The FHA, as Robert Weaver…noted in 1948, had ‘turned the agency’s operations over to the real estate, and home finance boys.’ Four years later the NAACP scored what it viewed as an ‘extension of racial discrimination and segregation abetted and furthered by a government agency backed by billions of dollars of insurance secured by taxpayers’ money’ and concluded bitterly: ‘We are breaking down the ghetto in old housing only to see federal funds being used to establish impregnable ghettos in new, desirable suburban developments’ (From memorandum re: FHA Underwriting Manual (n.D.), NAACP Papres pt 5, reel 4:0945).
I like this pithy statement: ‘African Americans did not, in the logic of the HOLC, live in residential areas; they invaded them and compromised them’ (92).
Some of the data Collins managed to get and map is truly awesome.
On to zoning! The most boring thing on the planet, but yet also one of the most devastating. Because this is what it does:
Exclusive and fragmented zoning in the suburbs erased any semblance of residential diversity, sorting the white middle class into income-specific single-family enclaves on the periphery and leaving African Americans, the elderly, and the poor to filter into older and higher-density housing stock (much of it unprotected by zoning)in the central city (112)
A 1926 court case challenged zoning, and the law in question on nuisances was actually struck down by an Ohio judge, stating ‘in the last analysis the result to be accomplished is to classify the population and segregate them according to their income or situation in life’. The Supreme Court agreed, but allowed it as part of a bigger plan for land use. Through zoning for large lots, single family homes, minimum square footage and the like, lower-income people were kept out.

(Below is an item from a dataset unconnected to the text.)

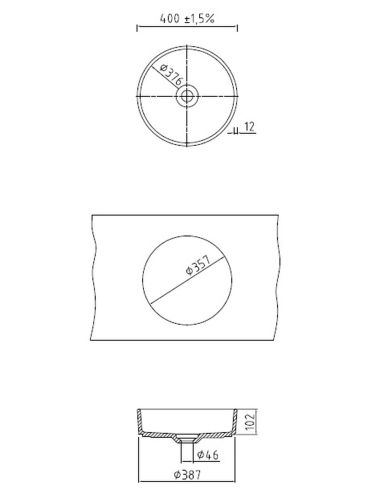 SYSTEMCERAM PATERA 40 Round Ceramic sink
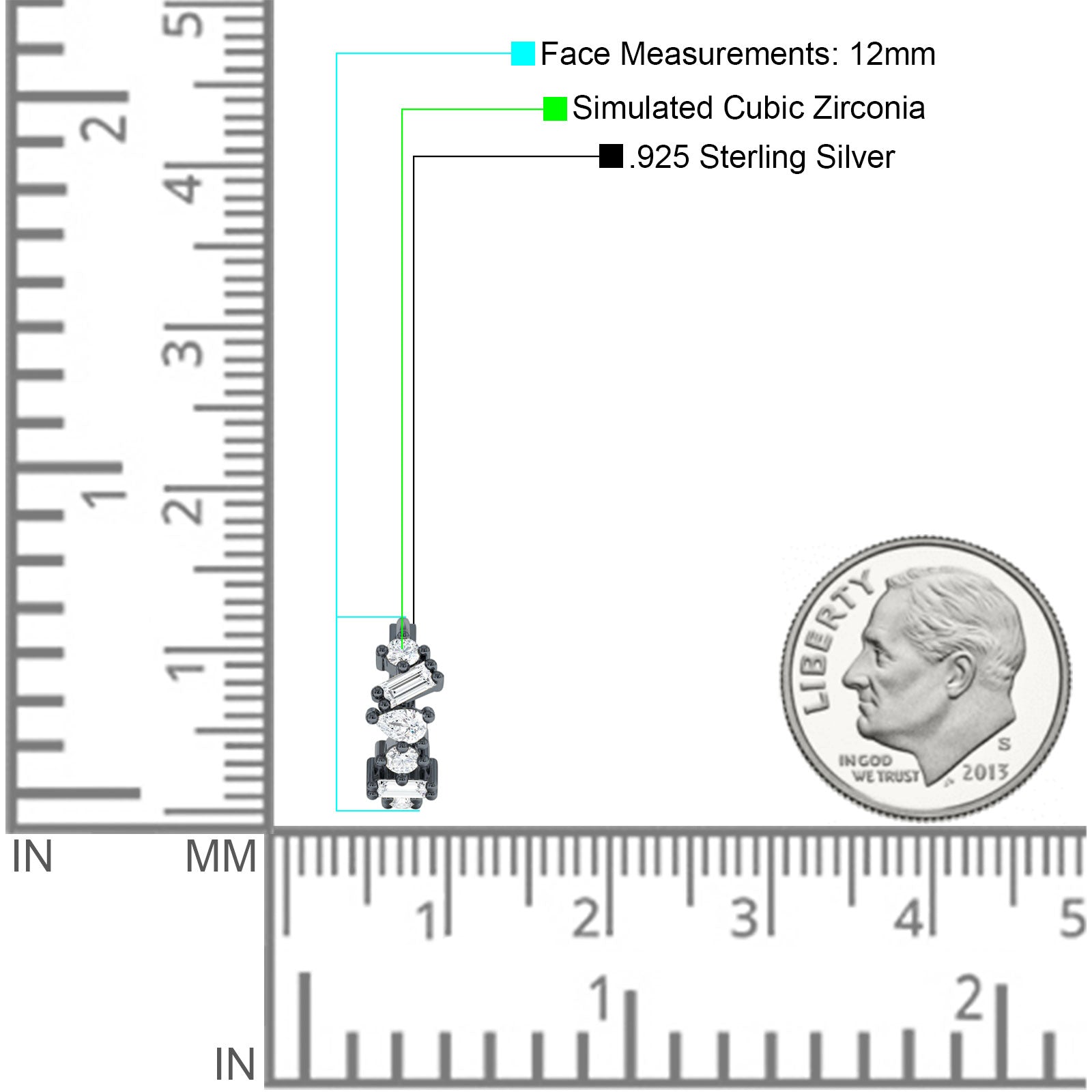 Zig Zag Pear Round Baguette Mixstone Hoop Earring Cubic Zirconia 925 Sterling Silver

I think my favourite chapters were around Urban Renewal and the definitions of blight, and some of the data Collins was able to get hold of is amazing. Also profoundly profoundly depressing as he charts the passage of the multiple and often overlapping programs under which urban renewal was carried out. There are volumes to be written on the changing and highly political uses of the term ‘blight’, ‘blight’ as verb, as risk, as disease, as something that even if not yet present can loom and threaten and justify another huge tax break to yet another corporation. And of course, it always invoked the presence of Black people. It helped ensure that ‘renewal’ focused on the destruction of community, the tearing down of homes to build for commercial use and ‘economic development’. Almost no onewas rehoused or given compensation as homes came down to make way for freeways and landmark projects like malls, hotels, and stadiums. Taxes were shifted entirely into financing the loans required to construct such projects through TIF (Tax-increment financing), essentially stolen from schools and other essential city services. And at the end of the day, only 1 of 12 projects financed through TIF was even breaking even in terms of what the site had been earning before development and what after.
To conclude, Collins writes: ‘Wile its central thread is private property, this is not a story…of private markets and private choices. What gives this story its plot, and its sorry ending, are the many ways in which private and public policies shaped or frustrated those choices’ (221). The solutions he believes is to ‘displace local fragmentation with some form of regional governance’. This will help ease competition between local areas, help increase density and improve services, can approach the topic of tax sharing. Here is where my greatest critique comes in, because this book does so much but doesn’t take the next step in trying to answer why public policy took the turns it did. It doesn’t really get at the multiple ways that this preserves the unique privileges of wealthy whites in exclusive areas and how they have fought to increase those privileges, nor how it serves the interests of large corporations and real estate developers lobbying at all levels of governments. These are the interests that must be overcome to reverse any of it, and there is not much sense of how to go about that.